Midwest Weekly Highlights - June 1-9, 2012
Rains in Northern Michigan but Dry Elsewhere
The first nine days of June brought above normal rainfall to only northern Michigan which received double their normal rainfall
(Figure 1). Elsewhere, rainfall totals were less than 50% of normal for the majority of the region. The driest swaths, areas with less than 0.10" (Figure 2), ran along the Missouri River from western Iowa to central Missouri and from central Minnesota to east central Wisconsin. Precipitation deficits for the nine-day period topped 1.50" in western Missouri and southwest Iowa
(Figure 3). A few dozen daily precipitation records were set with most occurring from the 1st through the 3rd as the low pressure moved across northern Michigan (Figure 4).
Temperature Gradient from Minnesota to Kentucky
Temperatures across the region ranged from above normal in the northwest to below normal in the southeast
(Figure 5). Departures ranged from 7°F above normal in Minnesota to 5°F below normal in Kentucky. With the drier weather, the temperature range from daily minimum to maximum was larger than normal. This is evidenced by the warmer maximum temperature departures, when compared to minimum temperature departures, everywhere except northern Michigan (Figure 6). Daily temperature records were limited to a few dozen records, with record lows slightly more common than record highs.

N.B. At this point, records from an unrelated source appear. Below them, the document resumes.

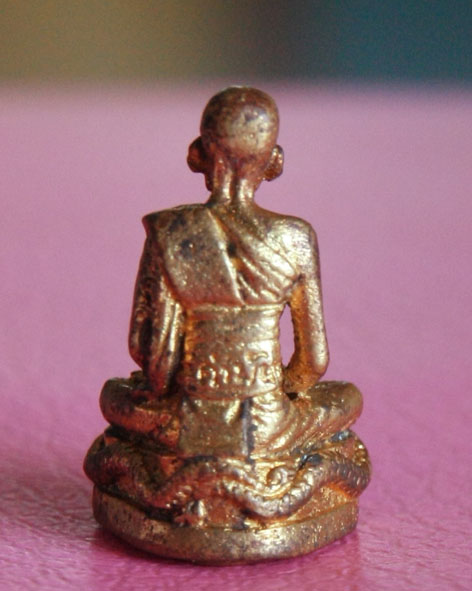 หลวงปู่คำพันธ์  รุ่นอุปถัมภ์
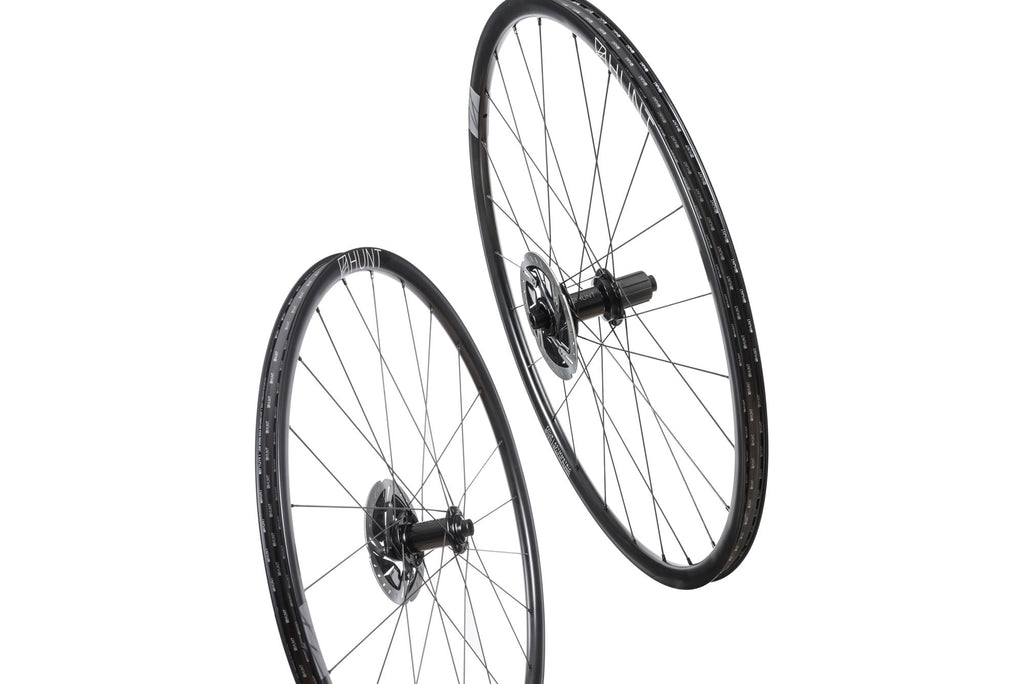 HUNT 4 Season Disc Wheelset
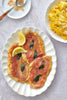Involtini de veau ou de porc à la saltimbocca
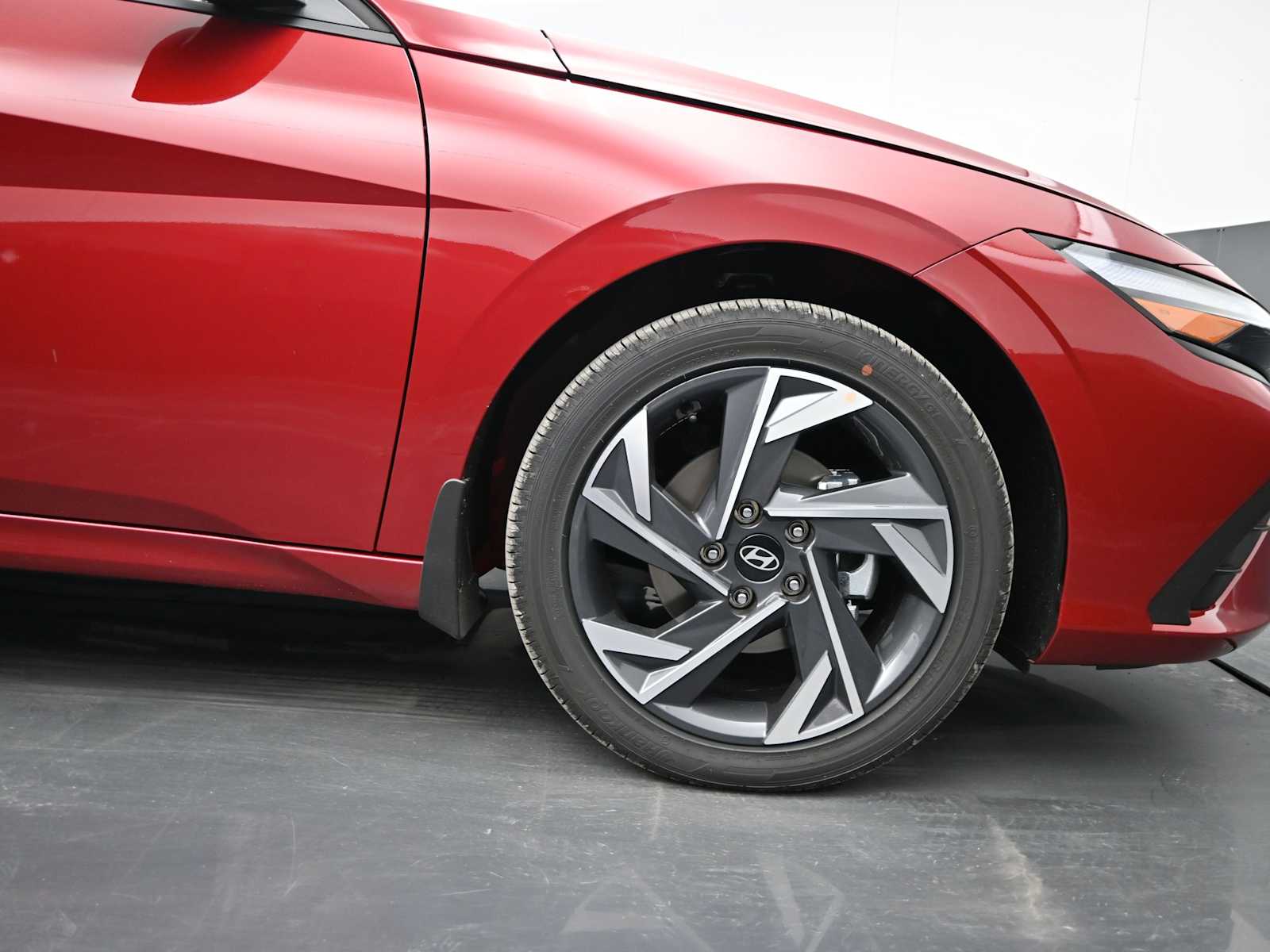 2025 Hyundai Elantra Blue - Photo 10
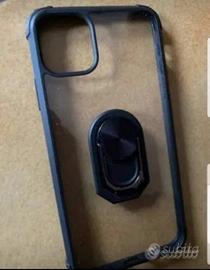 Cover IPhone 11 Pro Max Trasparente Silicone 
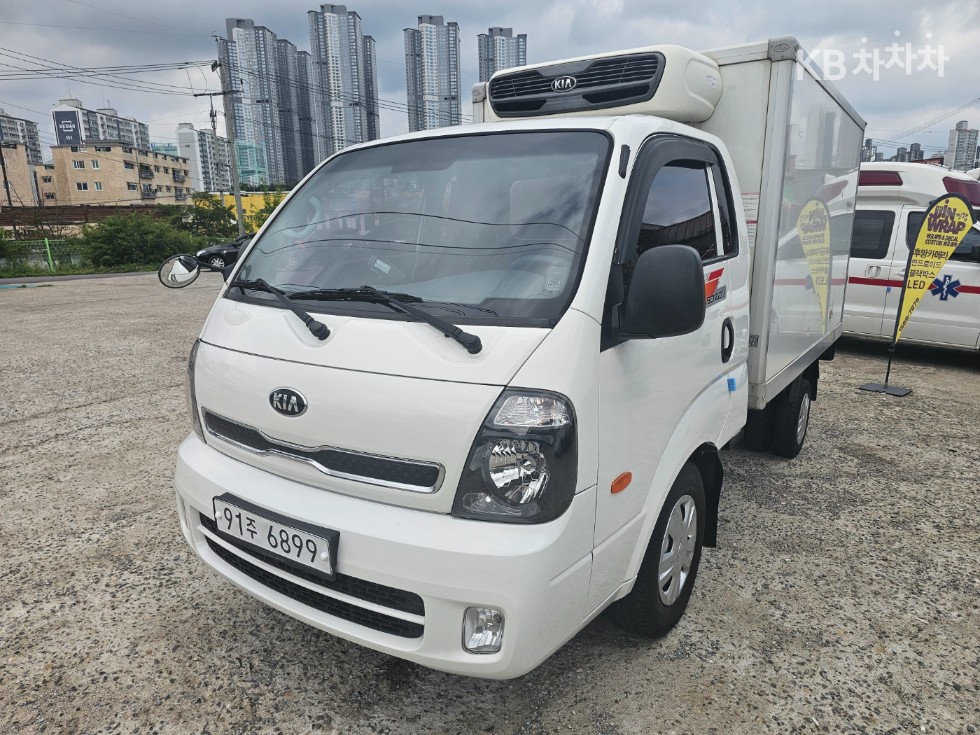 Kia Bongo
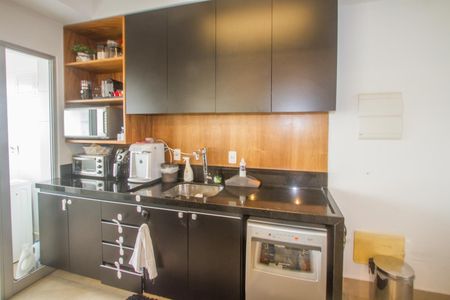 Apartamento para alugar com 104m², 2 quartos e 2 vagasCozinha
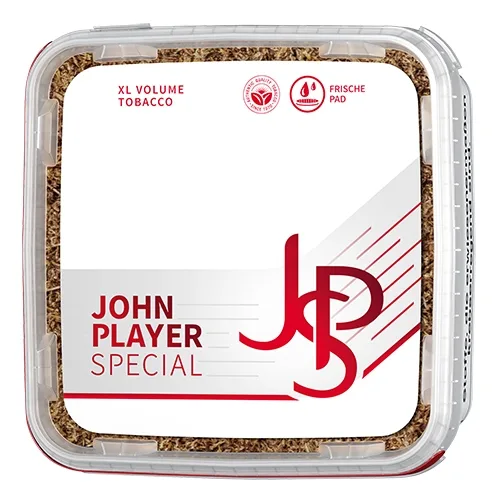 JPS Red XL Volumen Tobacco – Produktabbildung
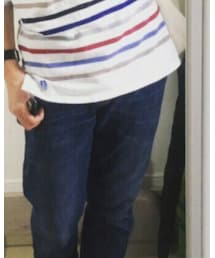 JEANASIS | デニムパンツ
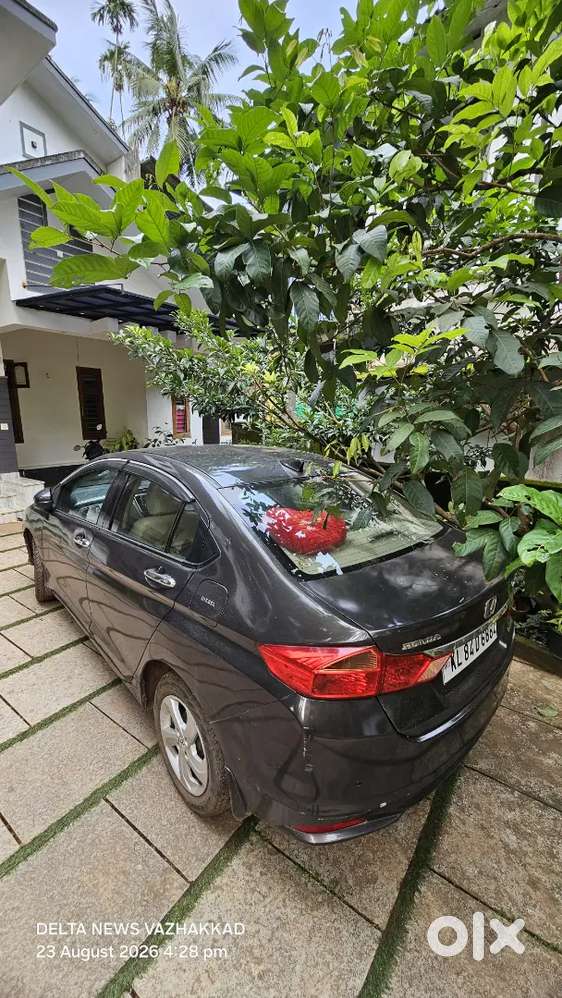 Honda City 2015 Diesel 2nd Owner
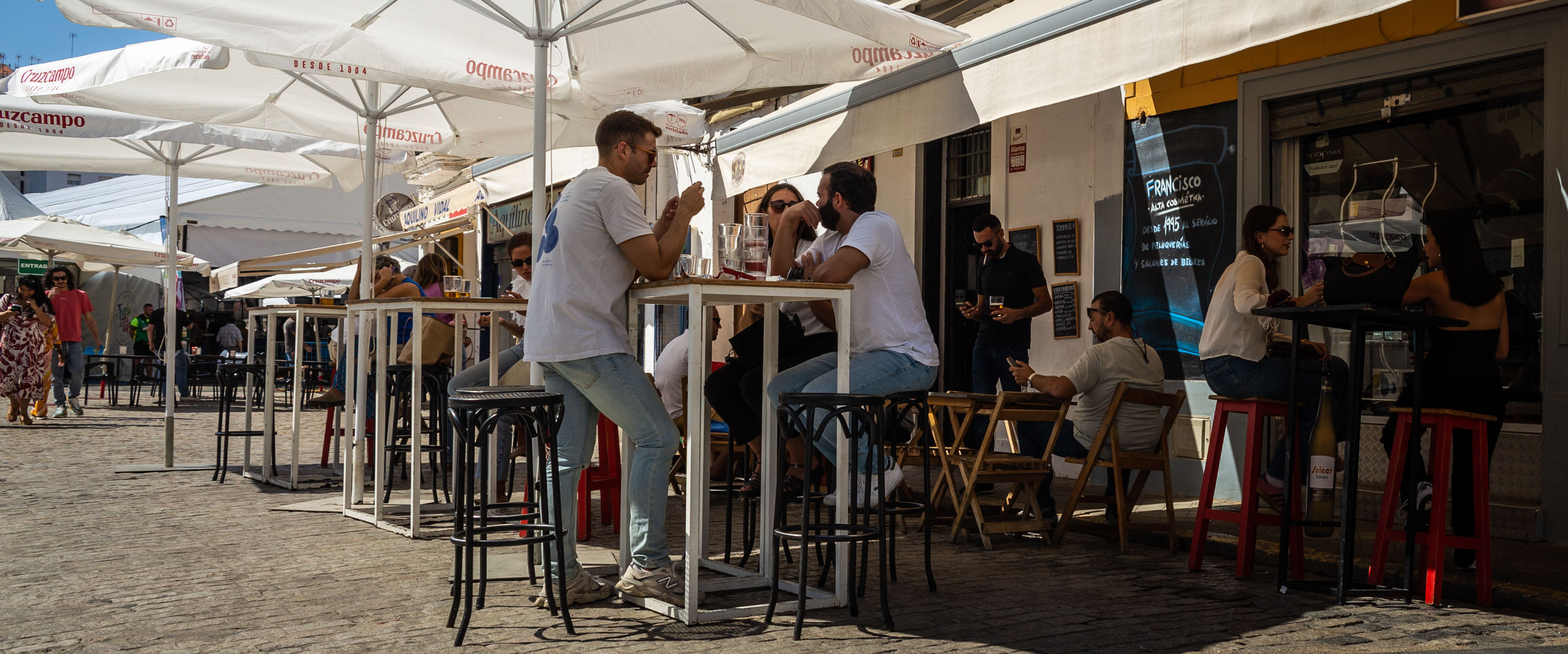 Terraza de PLAZA VIEJA
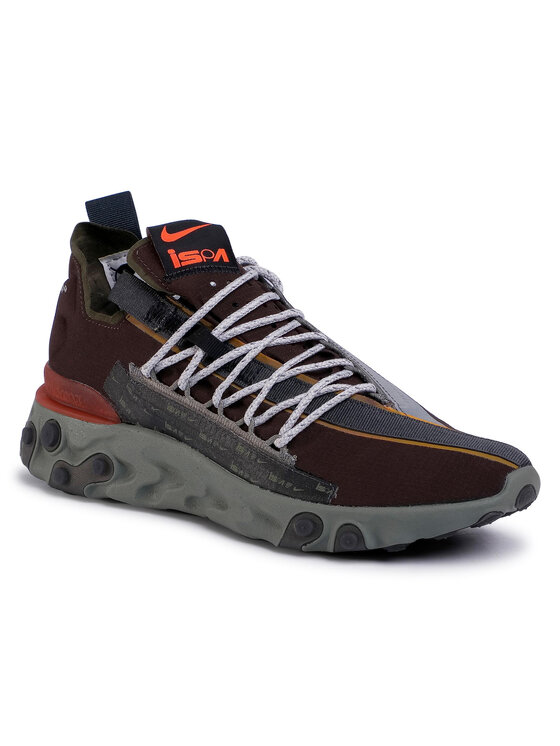 Nike Сникърси Nike React Wr Ispa AR8555 200 Кафяв
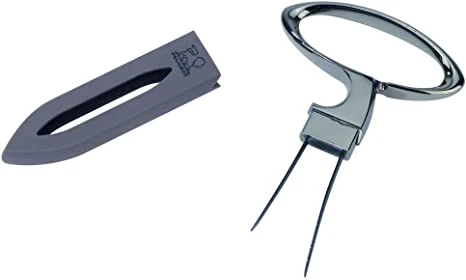 Peugeot Mathus Two-Prong Cork Puller - Basalte 1 Peugeot Mathus Two-Prong Cork Puller - Basalte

Deadly Tornado in Southeast Missouri
June 4th brought an EF2 tornado, with winds estimated at 115 mph, to southeast Missouri killing three people in Diehlstadt, Missouri
(Scott County). Though the tornado was on the ground for only a half mile, a mobile home in its path was completely destroyed killing three occupants. The same storm also damaged over 50 homes as downburst winds damaged roofs, snapped trees and power poles, and blew down a church steeple. A detailed report including damage photos was posted by the Paducah NWS office. Other than the deadly storm in Diehlstadt, severe weather was fairly limited across the region during the first nine days of June
The cooler temperatures for most of the southern two-thirds of the region were welcome with the developing drought in the region. The upper Midwest was warmer but that area picked up good rains either last week or this week and was better able to withstand the heat. Conditions have rapidly deteriorated from Iowa and Missouri east to Indiana over the past few weeks with the dry conditions as concerns have continued to mount about further drought development if the rains don't return soon (Figure 8). Reports from farmers in the southern two-thirds of the region indicate drier than normal topsoil for large percentages of each state.